(Information Opens)
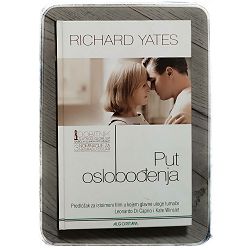 put-oslobodenjathe-revolutionary-road-richard-yates-9839-x218-17_45258.jpg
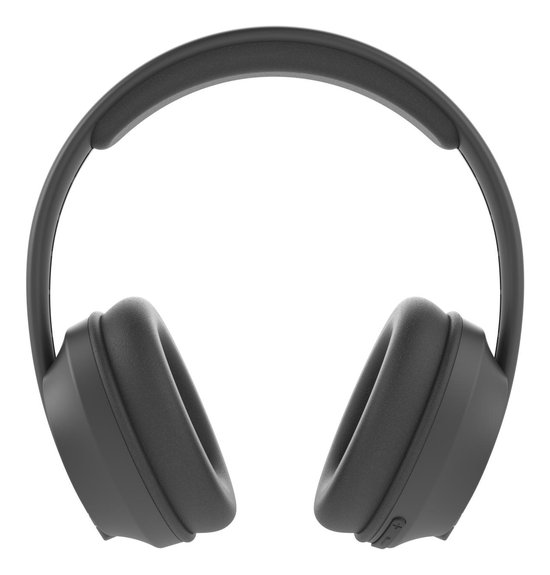 Denver Koptelefoon Kinderen - Bluetooth - Draadloos - Tot 85db
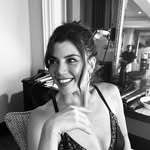 Gökçe Bahadır's profile picture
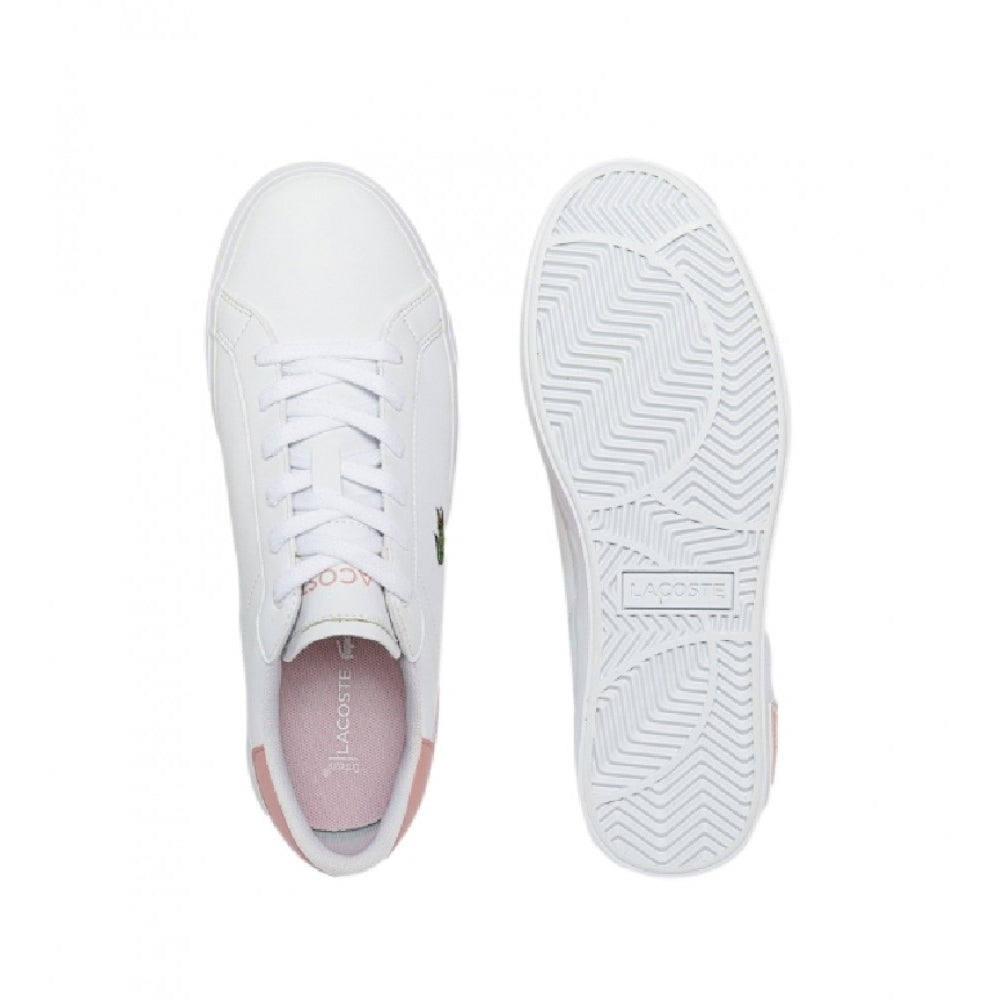 BLANCO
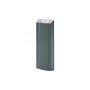 Lähestymislukija ROGER MCT12M-BK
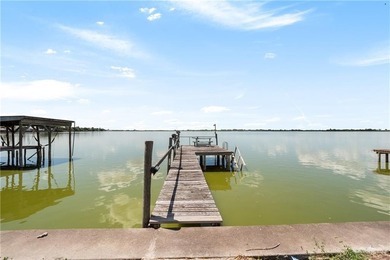 Escape to the tranquility of the private gated community of - photo 13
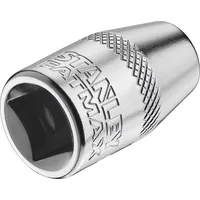 Stanley FATMAX 3/8" Bithalter für 1/4" Bits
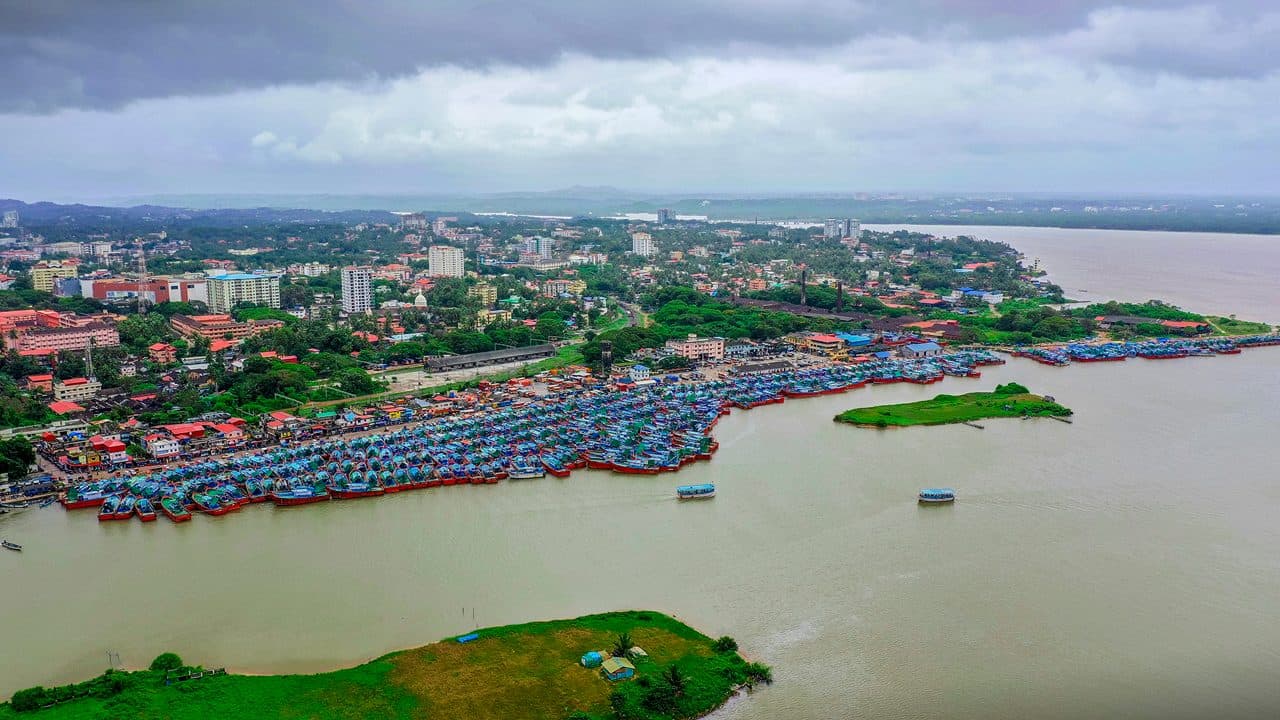 chennai to mangalore taxi service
(Information Closes)
Exercise brief :: Hand over the entries again, exactly as written and without the pictures.

Result below ::
 put-oslobodenjathe-revolutionary-road-richard-yates-9839-x218-17_45258.jpg
 Denver Koptelefoon Kinderen - Bluetooth - Draadloos - Tot 85db
 Gökçe Bahadır's profile picture
 BLANCO
 Lähestymislukija ROGER MCT12M-BK
 Escape to the tranquility of the private gated community of - photo 13
 Stanley FATMAX 3/8" Bithalter für 1/4" Bits
 chennai to mangalore taxi service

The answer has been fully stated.